I am interested in the relationship between Y and each X, while accounting for the effect of Z. In other words, I am interested in the partial correlations.

Further, I want to compare the slopes of each X to each other, both to evaluate whether some X's have a larger effect than others, and because I want to be able to talk about the presence/absence of a significant effect of each X without falling into the trap of "The Difference Between “Significant” and “Not Significant” is not Itself Statistically Significant".

Complicating factors:

• There is high co-linearity between many of the X variables. Because of this, and because I have a priori theoretical reasons to be interested in the non-unique variance explained by each X, I assess the effect of each X in a separate model (Y ~ X1 + Z, Y ~ X2 + Z, etc) rather than in a combined model (Y ~ X1 + X2.. + Xk + Z). My understanding is that a combined model would result in unstable (and obviously smaller) estimates of the effects of each X due to the model trying to split the shared variance.
• All of the variables have strong autocorrelation, leading to artificially inflated effect estimates (and thus significance) when assessed in a parametric framework. As such, I am using permutation testing (with autocorrelation-preserving shuffling) and the Freedman-Lane procedure (permute the residulas of the reduced model Y ~ Z) to assess the significance of the effect of X in each model.

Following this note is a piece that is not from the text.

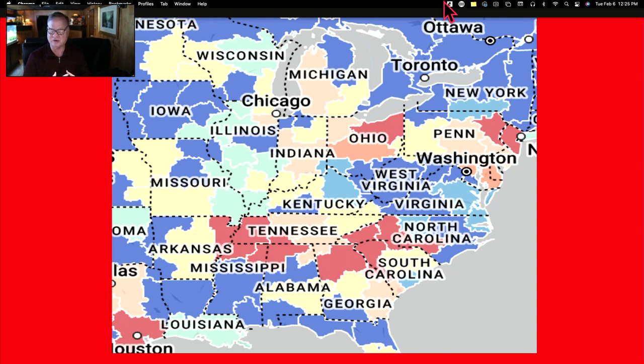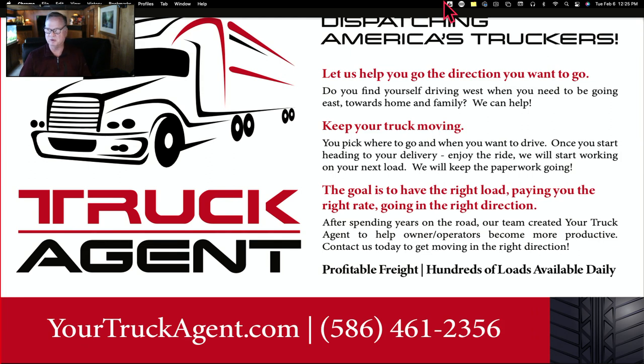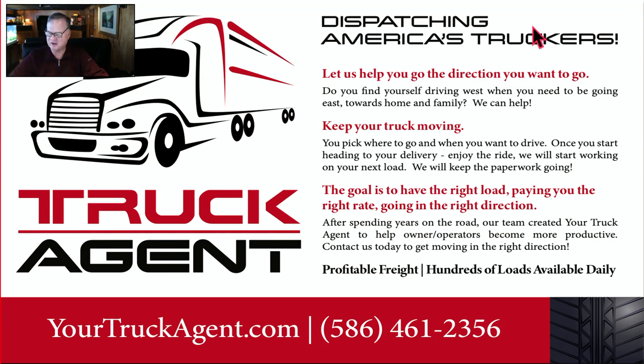Then you'll find the brokers are much more negotiable. They'll react faster and you'll keep that truck moving. That's really what the goal is here — to keep those trucks moving. If you need any help, give me a shout. Look forward to seeing you on our next video.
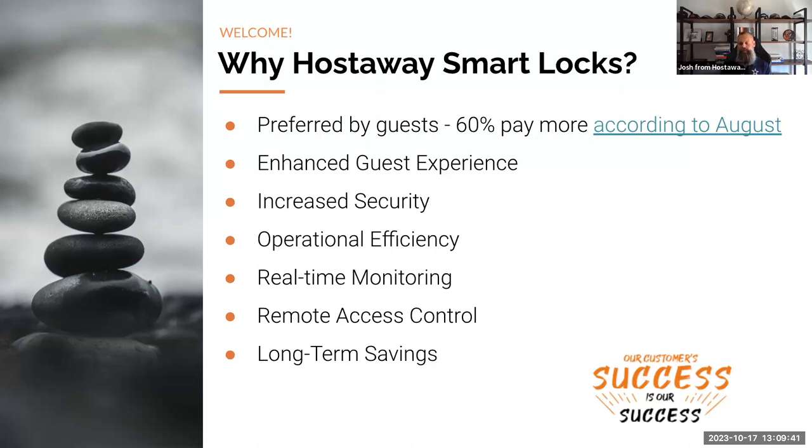You can get in now, save time down the road, and get ahead of it. Studies have shown that guests are willing to pay 60% more for smart home features. It makes sense — it makes guests' lives easier. When I search for Airbnbs or vacation rentals, it's a big selling point if I don't have to talk to someone to check in or worry about codes.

I understand how to approach the comparison of slopes in the context of a single ANOVA with a categorical variable and multiple levels (i.e. check for an interaction between the effect of X and a dummy variable coding for category level), but I am having trouble figuring out how to compare slopes in this situation where I have:

• Multiple continuous, co-linear, autocorelated variables (X1, X2... Xk).
• Multiple separate models rather than a single combined model.
• Non-parametric permutation testing and violation of parametric assumptions about the null distribution of effect sizes.

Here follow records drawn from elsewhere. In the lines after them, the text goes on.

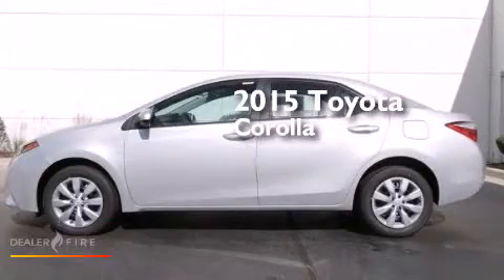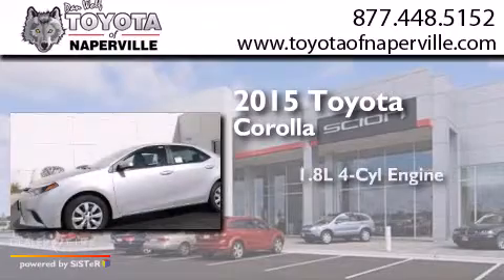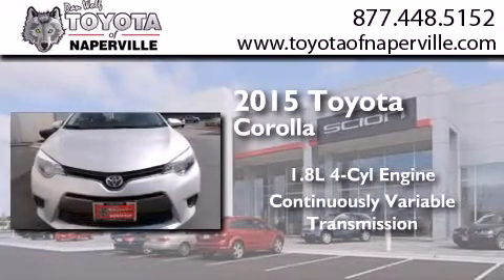This is a brand new 2015 Toyota Corolla. It features a 1.8-liter four-cylinder engine and a continuous variable transmission.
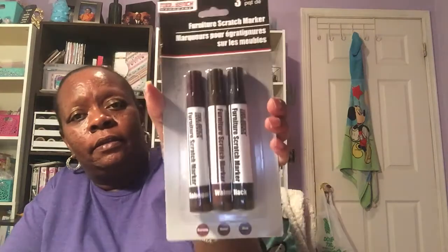I did find the furniture scratch markers as a three-pack — it's the mahogany, the walnut, and the black. I got one pack of those. And then I found the twelve tablets of assorted berries Tums, I got those.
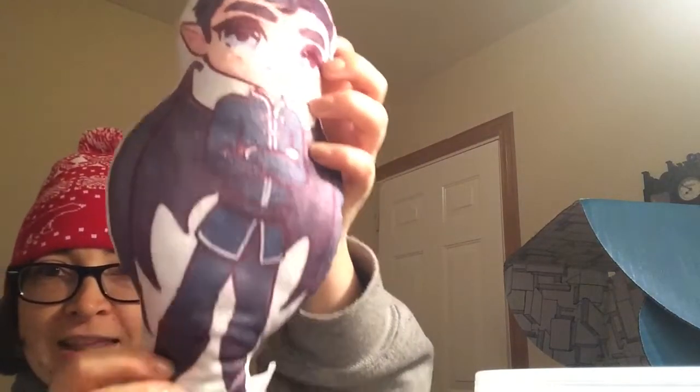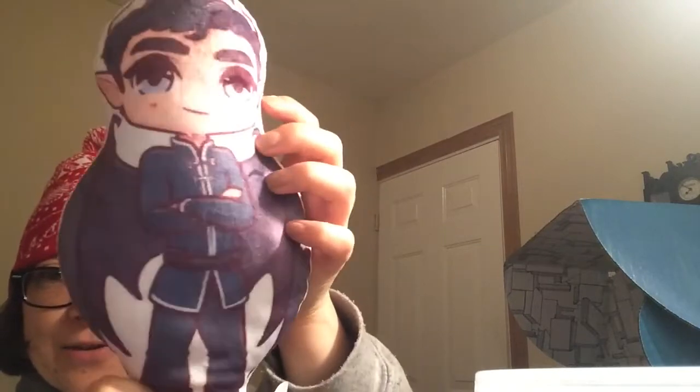Oh, what is this? It's like a little right-hand pillow. Oh, that is so cute! That is so cute — oh my gosh, that is super adorable! That is funny. I had no idea that was going to be included. Look how cute he is!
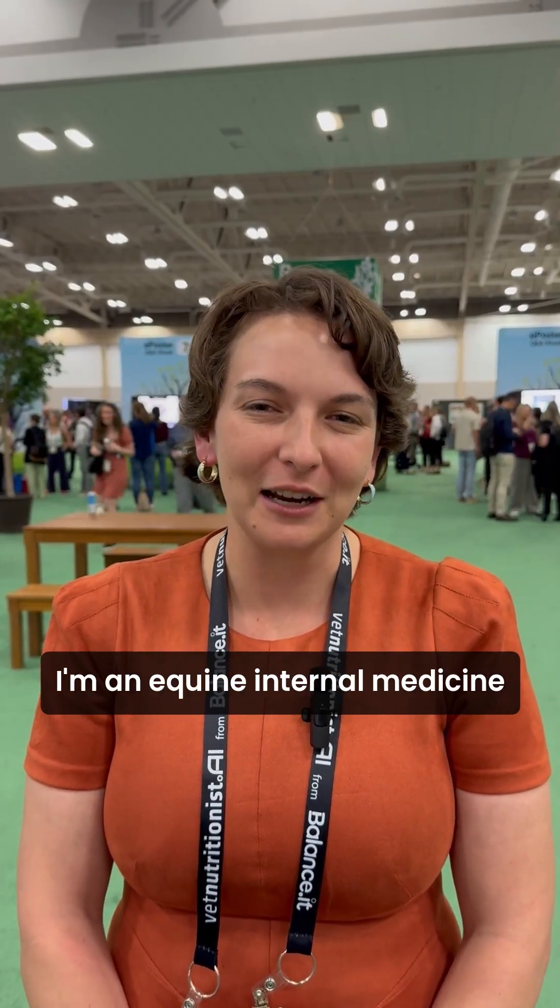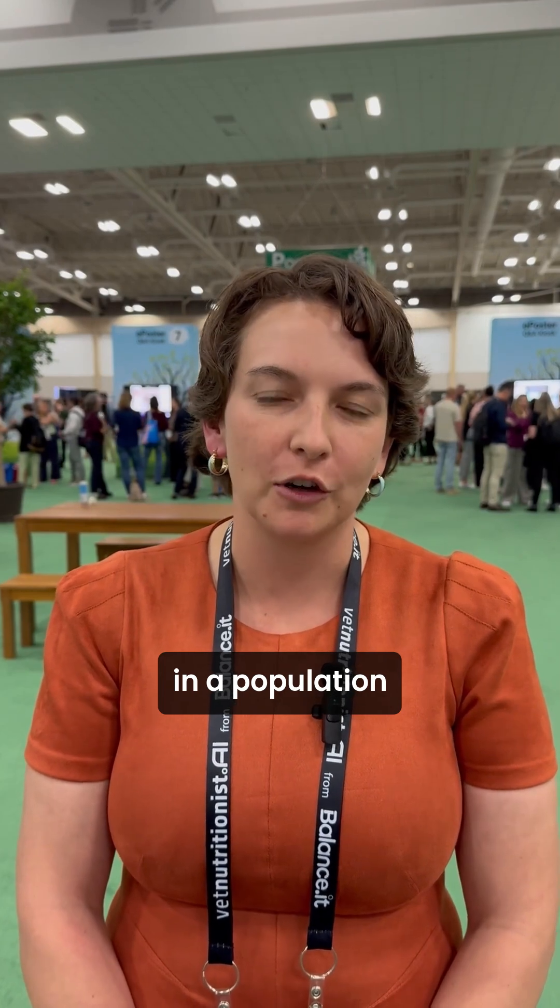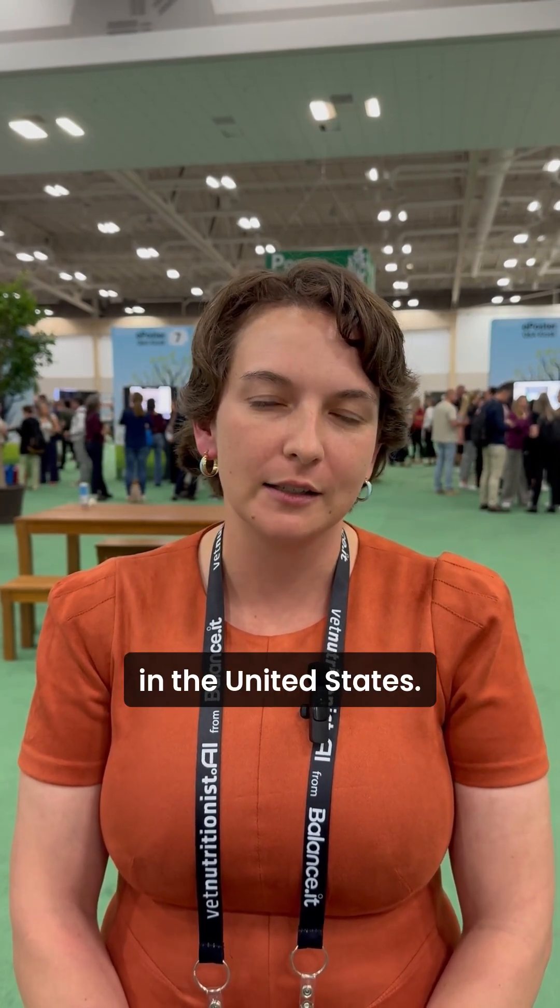My name is Kimberly Halliwell. I'm an equine internal medicine specialist at North Carolina State University, doing my PhD in the Schauble Lab. The project we have presented here is looking at the prevalence of insulin dysregulation, or equine metabolic syndrome, in a population of working sport horses in the United States.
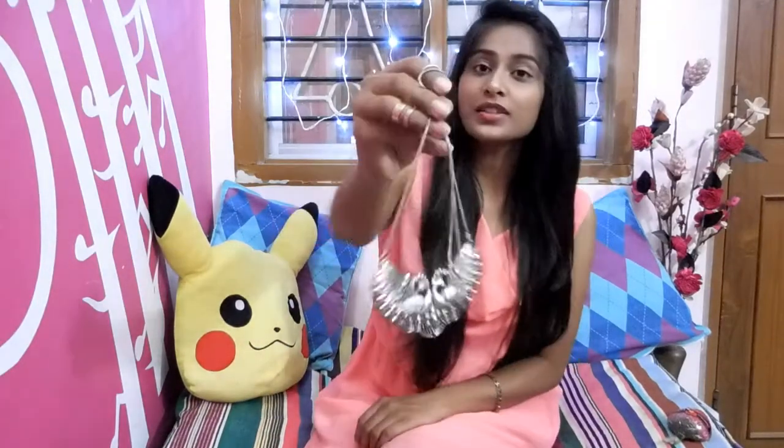My next favorite is this silver neckpiece. It's an oxidized one — just have a look. I really love the design of this piece. I got this from Bapu Bazar Jaipur for just 100 bucks.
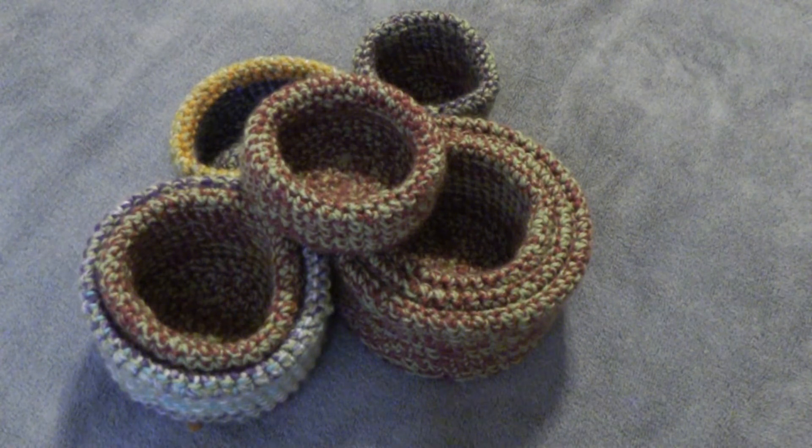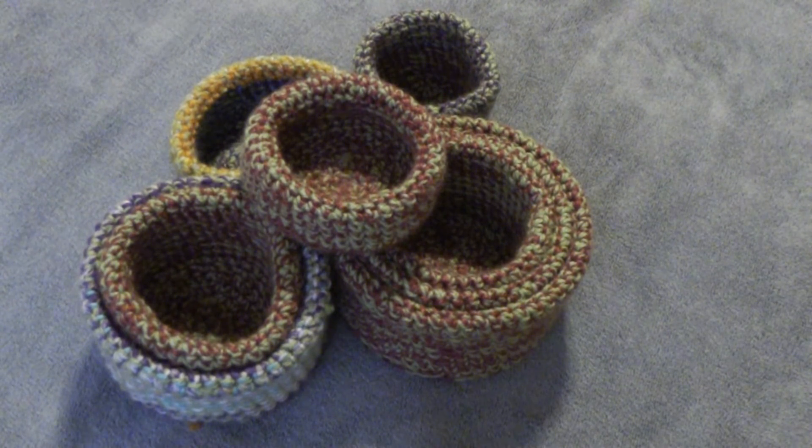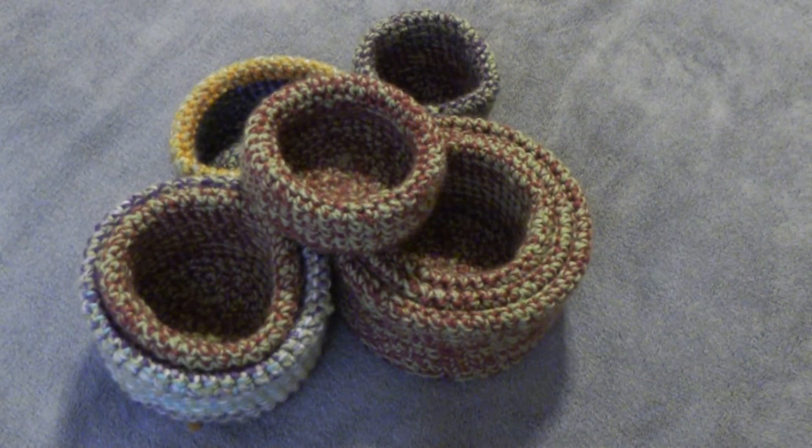I'm also making some masks with the fabric that I have. My stash came in handy — my husband's always like, 'Do you really need more?' But now I have materials to help out where I can. I work for a vet clinic and we are short on masks, so I made as many as I could over the weekend before I had to go back to work, and the girls were ever so grateful when I brought them in.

I've looked into various methods for comparing dependent/overlapping correlations (e.g. the various tests implemented in the cocor package), but my (admittedly limited understanding) is that all of these approaches make parametric assumptions that would be violated by autocorrelation (e.g. Zou's method estimates and evaluates confidence intervals around the correlations by using Fisher's z transformation).

I feel like there is gap in my understanding that is causing me to miss an obvious solution. Any advice of solutions or even just related ideas to research would be appreciated.